• EXERCISE:
Drop the pictures; give again exactly the lines from the one holding "Barrio Iponá Puntos" through the end of the data.

• GIVEN DATA:
────────────────────
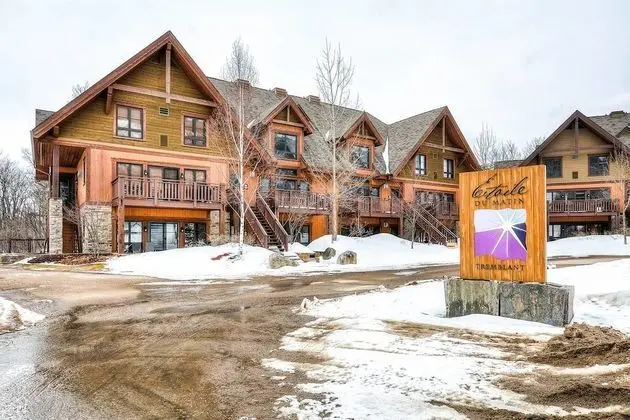 Mont-tremblant Country Chic Ski In/ski Out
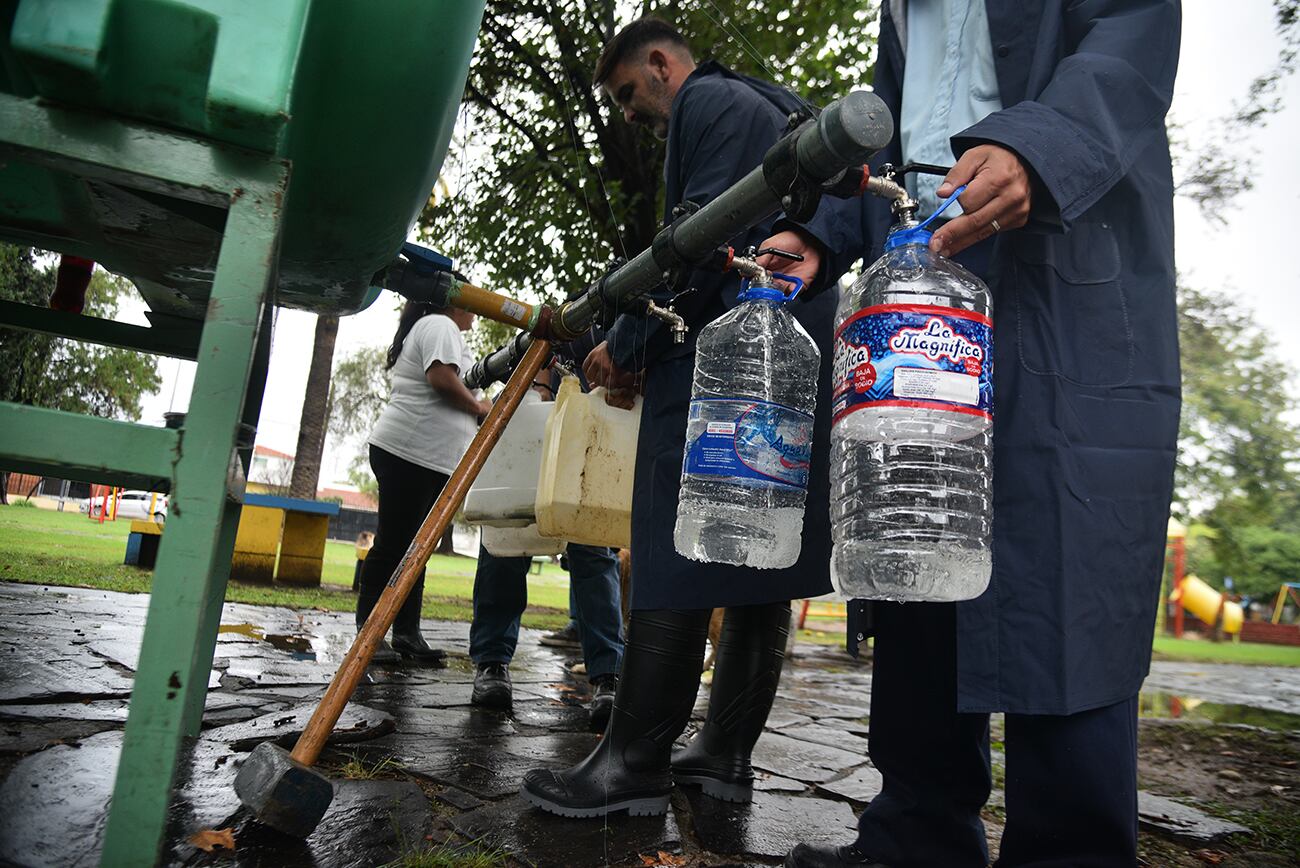 Barrio Iponá Puntos de hidratación en  diferentes sectores de la ciudad por la rotura de un caño de Aguas Cordobesas  Foto: (Pedro Castillo / La Voz)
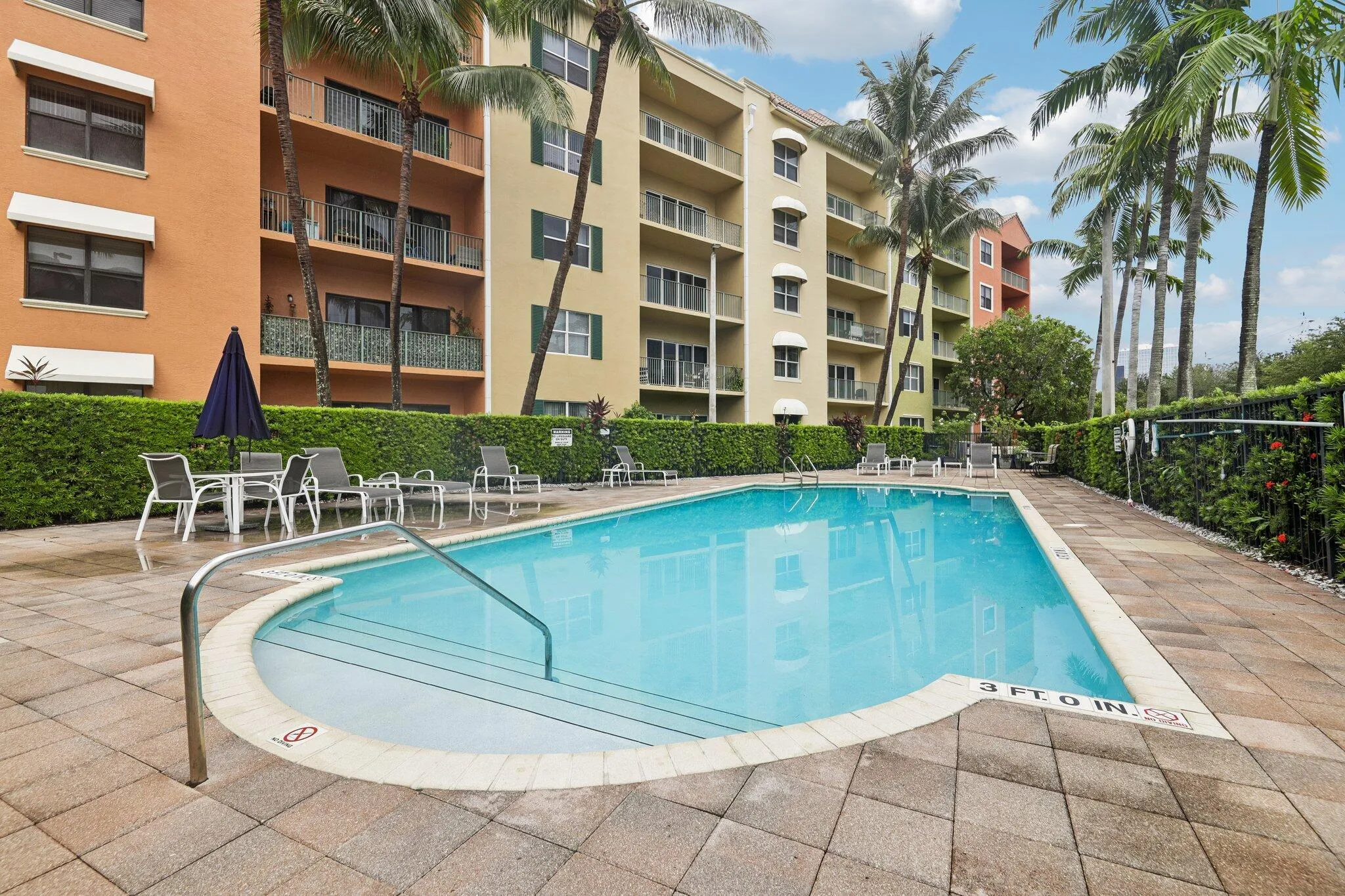 28-web-or-mls-Presidential Way #310-1809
────────────────────
• ANSWER TO THIS EXERCISE:
 Barrio Iponá Puntos de hidratación en  diferentes sectores de la ciudad por la rotura de un caño de Aguas Cordobesas  Foto: (Pedro Castillo / La Voz)
 28-web-or-mls-Presidential Way #310-1809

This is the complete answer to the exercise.